His was one of the first African-American families to move into the affluent Chicago suburb of Arlington Heights in the 1970s. Mr. Woods' parents were graduates of two prestigious historically black colleges - Morehouse and Spelman. His father was a Fortune 500 executive, and his grandfather was a prominent Baptist minister.

But growing up in an upper-middle-class household did not guarantee that Mr. Woods would become an upstanding citizen.

He opted for a life of crime, beginning by running away from home, hanging with the wrong crowd, and stealing bicycles. By age 16 he had masterminded elaborate crimes, often communicating with fellow criminals via hand-held radios to pull off the jobs.
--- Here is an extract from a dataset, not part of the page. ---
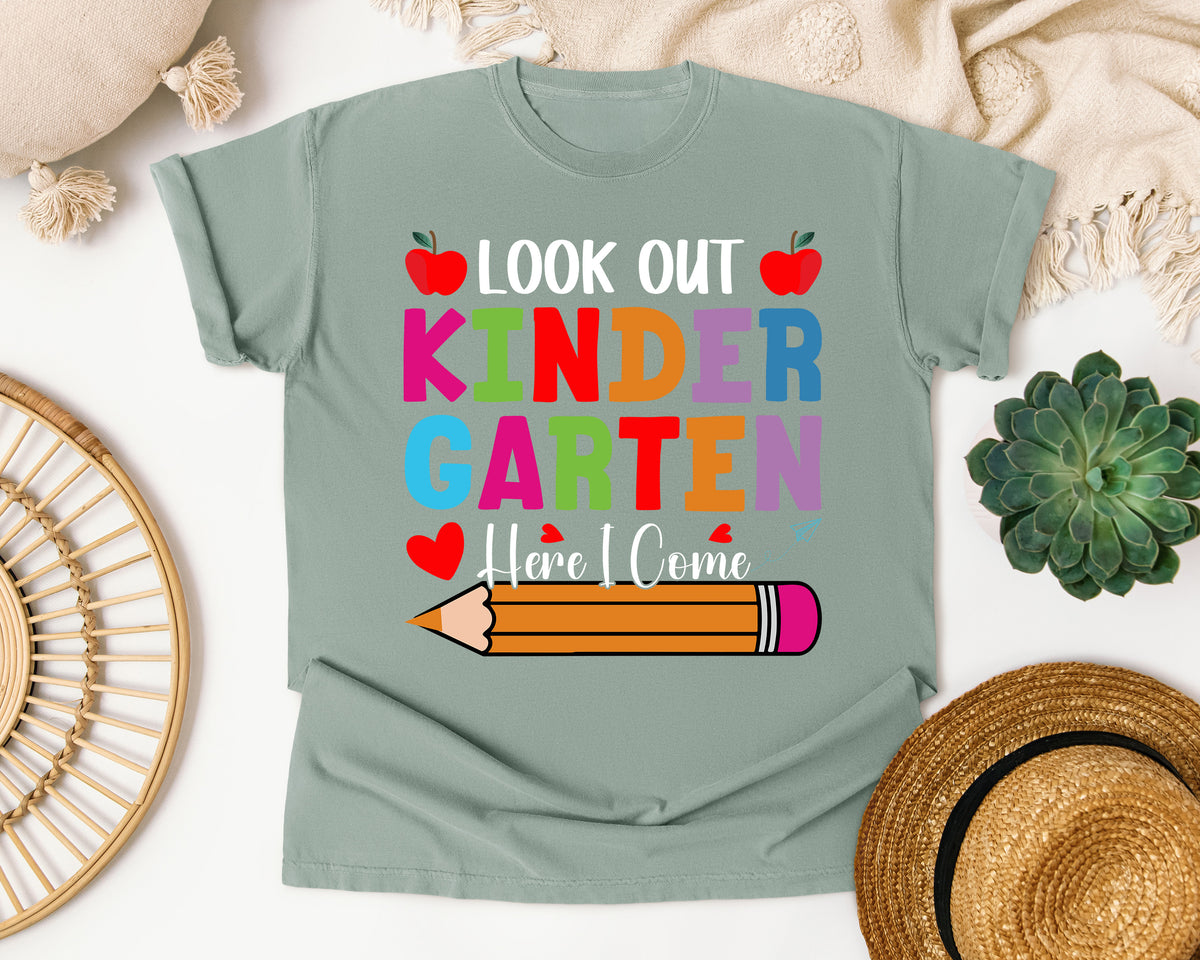 Look Out Kindergarten Here I Come Bright in Bay Comfort Colors 1717 tee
"In high school, I had robbed the neighborhood general food store with a machine gun replica, and someone called my parents and told them that the grocery store had been robbed. Little did they know it was me, while I was in my comfortable home at the kitchen table saying, 'Pass the syrup.'

"By the time I was 19, I was sent to prison," said Mr. Woods, now an empowerment speaker who addresses audiences about his journey from prison to enlightenment.

Mr. Woods, 41, author of the memoir A Breed Apart: A Journey to Redemption (Atria, 2005), is scheduled to speak from 10 a.m. to noon Saturday in the University of Toledo's Nitschke Hall Auditorium.

He also is scheduled to speak at 10:15 a.m. Sunday during a public service at New Life Church of God in Christ, 1215 Oakwood Ave.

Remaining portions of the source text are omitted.